[azuremonitorreceiver] Add the ability to pull Resource Metrics using AZ Query Batch API #29593

cparkins · 2023-11-30T20:04:17Z

Add the ability to pull Resource Metrics using the AZ Query Batch API. Currently a Proof-of-Concept that does not allow Resources to exist in different regions and does not filter based on dimensions similar to how it's being handled in the previous implementation (by Resource).

Description:

This is an enhancement to try and avoid limitations when querying resource directly by using the AZ Query Batch API that was recently released for the GO SDK.

Link to tracking Issue:

Testing:
Tested locally against a Resource Group in an single region. Some issues exist that still need to be investigated.

Documentation:
This will be updated once the Draft is discussed.

… the Batch API. Currently a Proof-of-Concept that does not allow Resources to exist in different regions and does not filter based on dimensions similar to how it's being handled in the previous implementation (by Resource).

cparkins · 2023-11-30T20:08:19Z

receiver/azuremonitorreceiver/config.go

@@ -26,6 +26,7 @@ var (
 	errMissingClientSecret   = errors.New(`ClientSecret" is not specified in config`)
 	errMissingFedTokenFile   = errors.New(`FederatedTokenFile is not specified in config`)
 	errInvalidCloud          = errors.New(`Cloud" is invalid`)
+	errInvalidRegion         = errors.New("`Region` is not specifiec in config`")


Oops! typo.

github-actions · 2023-12-15T05:19:48Z

This PR was marked stale due to lack of activity. It will be closed in 14 days.

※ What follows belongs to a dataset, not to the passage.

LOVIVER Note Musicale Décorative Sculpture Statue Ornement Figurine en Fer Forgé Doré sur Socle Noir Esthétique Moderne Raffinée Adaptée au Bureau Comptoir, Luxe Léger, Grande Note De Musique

ahurtaud · 2023-12-21T10:13:01Z

I have pulled the code and compiled a version, tested it on one subscription and it's a really good start!

As in first comment, we are seeing few errors but I am more concerned about this one:
"error": "POST https://northeurope.metrics.monitor.azure.com/subscriptions/56ffb7d8-dd02-4217-9f63-11093b6176ba/metrics:getBatch\n--------------------------------------------------------------------------------\nRESPONSE 400: 400 Bad Request\nERROR CODE: BadRequest\n--------------------------------------------------------------------------------\n{\n \"error\": {\n \"additionalInfo\": [\n {\n \"type\": \"string\",\n \"info\": \"TraceId=ca886d1c7e36172863695ed22c30acf2\"\n },\n {\n \"type\": \"string\",\n \"info\": \"ExceptionType=Microsoft.Online.Metrics.MetricsMP.Utilities.RPRequestFormatException\"\n }\n ],\n \"code\": \"BadRequest\",\n \"message\": \"Number of requests in the batch 301 exceeded max allowed: 50\"\n }\n}

I think this correspond to microsoft to:
Up to 50 unique resource IDs may be specified in each call. Each resource must belong to the same subscription, region, and be of the same resource type. source

And also, I would like to start a discussion (maybe for a second PR / feature request) (ping @altuner @codeboten):
At Amadeus, we have tons of subscriptions (like thousands), would it be possible to have auto discovery of them as well?

there is a GET subscription available at https://management.azure.com/subscriptions?api-version=2020-01-01
and then the list resourcegroups also give the location (for the new getBatch API endpoint):
e.g: https://management.azure.com/subscriptions/14b86a40-8d8f-4e69-abaf-42cbb0b8a331/resourcegroups?api-version=2019-10-01

WDYT? (please tell me if you want me to raise a new issue for this feature request, this getBatch will anyway be a requirement first)
Thank you,
Alban

cparkins · 2023-12-21T19:41:07Z

@ahurtaud - I ran into a few errors. But not that one specifically. I didn't realize that there was a limit to be honest. The documentation was kind of hard to understand. I had some concerns about the number of Dimensions that I was pulling so I did some testing there and it would be really nice to be able to determine the number of dimensions that a Metric can have instead of having to hard code the values. I think it would be pretty easy to break the requests up into batches of 50, I guess I didn't read all of the documentation :-D

nslaughter · 2023-12-28T18:05:09Z

Want to ping those who worked on this previously as I also think the component would benefit from switching to use the azquery interfaces in the Azure SDK. I think that provides a lot of leverage to the purposes of this code. However, when experimenting with the changes and finding it was difficult to test all paths and similarly difficult to make the result of changes clear to reviewers... I thought we could benefit from all of the following.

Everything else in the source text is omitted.